Australia offers to pay jail fees for death row duo in Indonesia

Family members of Australian death row prisoners Andrew Chan and Myuran Sukumaran and Australian Consul-General in Bali Majell Hind, right, head to Nusakambangan Island by a ship at Wijaya Pura port in Cilacap, Central Java, Indonesia. AP
Australia has offered to cover Indonesia\’s costs for keeping two Australian heroin traffickers in prison for life if Jakarta grants permanent stays of execution, the foreign minister said Thursday.
Australia is lobbying hard to prevent the executions by firing squad of Australians Andrew Chan, 31, and Myuran Sukumaran, 33. They are among nine foreign drug convicts plus an Indonesian who are to be executed soon on Nusakambangan Island prison off the main island of Java.
The offer to pay for the prisoners\’ keep was made by Australian Foreign Minister Julie Bishop last week in a letter to her Indonesian counterpart Retno Marsudi and reported by The West Australian newspaper on Thursday.
Bishop confirmed the offer was among several suggestions of alternatives to executions.
"We haven\’t had a specific response to that suggestion," Bishop told reporters.
The letter, seen by The Associated Press, proposes a prisoner exchange in which the Australians would be swapped for three Indonesian drug traffickers held in Australian prisons.
"The Australian government would be prepared to cover the costs of the ongoing life imprisonment of Mr. Chan and Mr. Sukumaran should a transfer not be possible," Bishop wrote.
In a response dated Sunday, also seen by AP, Marsudi wrote that President Jokowi Widodo "is of the position that such an exchange cannot be undertaken."
Also Thursday in Jakarta, the High Administrative Court adjourned a hearing on an appeal by the Australian pair until March 19 because of a lack of proper paperwork. Presiding Judge Ujang Abdullah said state prosecutors who were to have represented President Widodo failed to present authorization letters signed by the president and attorney general.
Lawyers for the Australians have appealed to the high court, arguing that Widodo\’s refusal to grant clemency did not give proper and individual consideration to their applications. A Jakarta court dismissed the appeal last month, ruling that clemency is a prerogative of the president.
Bishop also said that an inquiry into alleged corruption of the Australians\’ trial judges was another legal avenue open to the pair.
"A Judicial Commission has invited Mr. Chan, Mr. Sukumaran and their original lawyer to make statements in a matter relating to alleged corruption of the trial judges," she wrote.
"These are serious allegations and I request that your government accord due legal process and institute a pause in the execution preparations until these two important processes have been completed," she added.
A senior Indonesian official on Tuesday warned Australia to tone down its criticism of the planned executions, saying Canberra should be grateful to Indonesia for keeping asylum seekers away from Australian shores.
The minister for political, legal and security affairs, Tedjo Edy Purdjianto, said at a seminar that if about 10,000 migrants who have been stopped in Indonesia from reaching Australia were allowed to proceed, "there will be a human tsunami in Australia."

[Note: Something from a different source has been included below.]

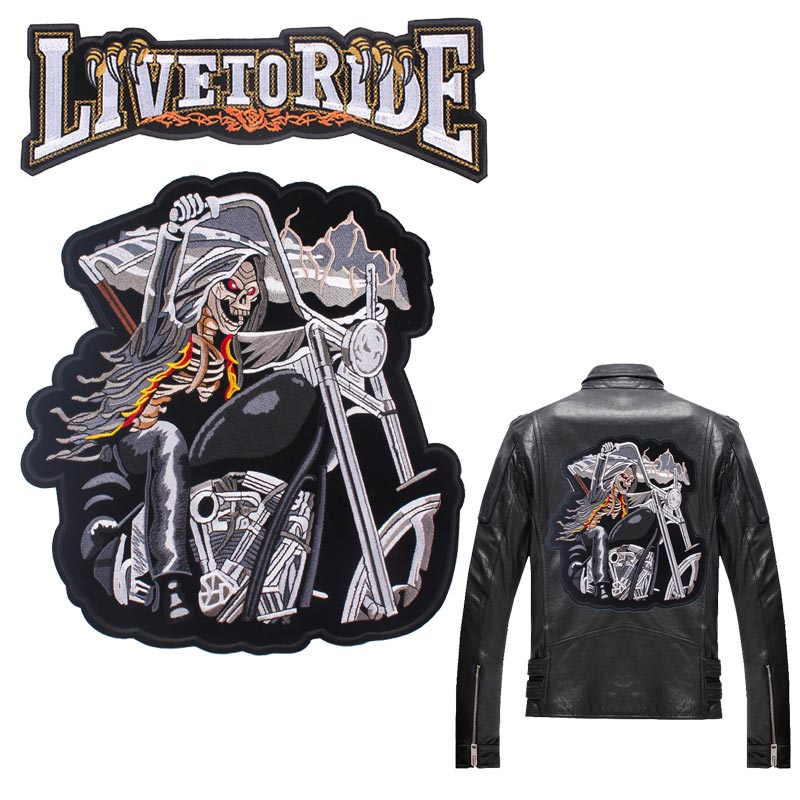 Skeleton Rider FAFO Patch, Large Skull Patches for Biker Jackets by Ivamis  Patches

Australian Prime Minister Tony Abbott responded Wednesday by saying he isn\’t picking fights with anyone.
Chan and Sukumaran were flown last week from a prison on the resort island of Bali to the prison island where executions are carried out. The firing squads will execute the 10 simultaneously in pairs, so the execution date will not be set until all of them have exhausted legal appeals.

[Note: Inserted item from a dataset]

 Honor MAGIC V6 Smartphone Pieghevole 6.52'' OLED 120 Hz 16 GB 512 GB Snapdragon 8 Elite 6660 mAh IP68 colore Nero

Chan and Sukumaran led an Australian smuggling group dubbed "the Bali Nine." They were arrested in 2005 after a tip-off from Australian police while trying to smuggle more than 8 kilograms (18 pounds) of heroin from Bali to Sydney. The rest were sentenced to prison terms.
Indonesia executed six drug convicts including foreigners in January, drawing protests from Brazil and the Netherlands, which withdrew their ambassadors after their citizens were denied clemency appeals. More than 130 people are on death row, including 57 drug convicts.

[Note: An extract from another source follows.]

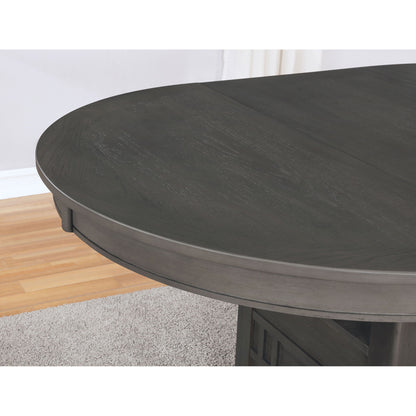 Ingall - 5 Piece Set With Storage Table And Upholstered Chairs - Medium Gray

In another development, a district court in Tangerang, just west of the capital Jakarta, opened the case of judicial review by French national Serge Atlaoui on Wednesday. It adjourned the next hearing until March 25.
Mary Jane Fiesta Veloso, a Philippine national who is the only woman among the condemned inmates, is awaiting the ruling on her judicial review by the Supreme Court.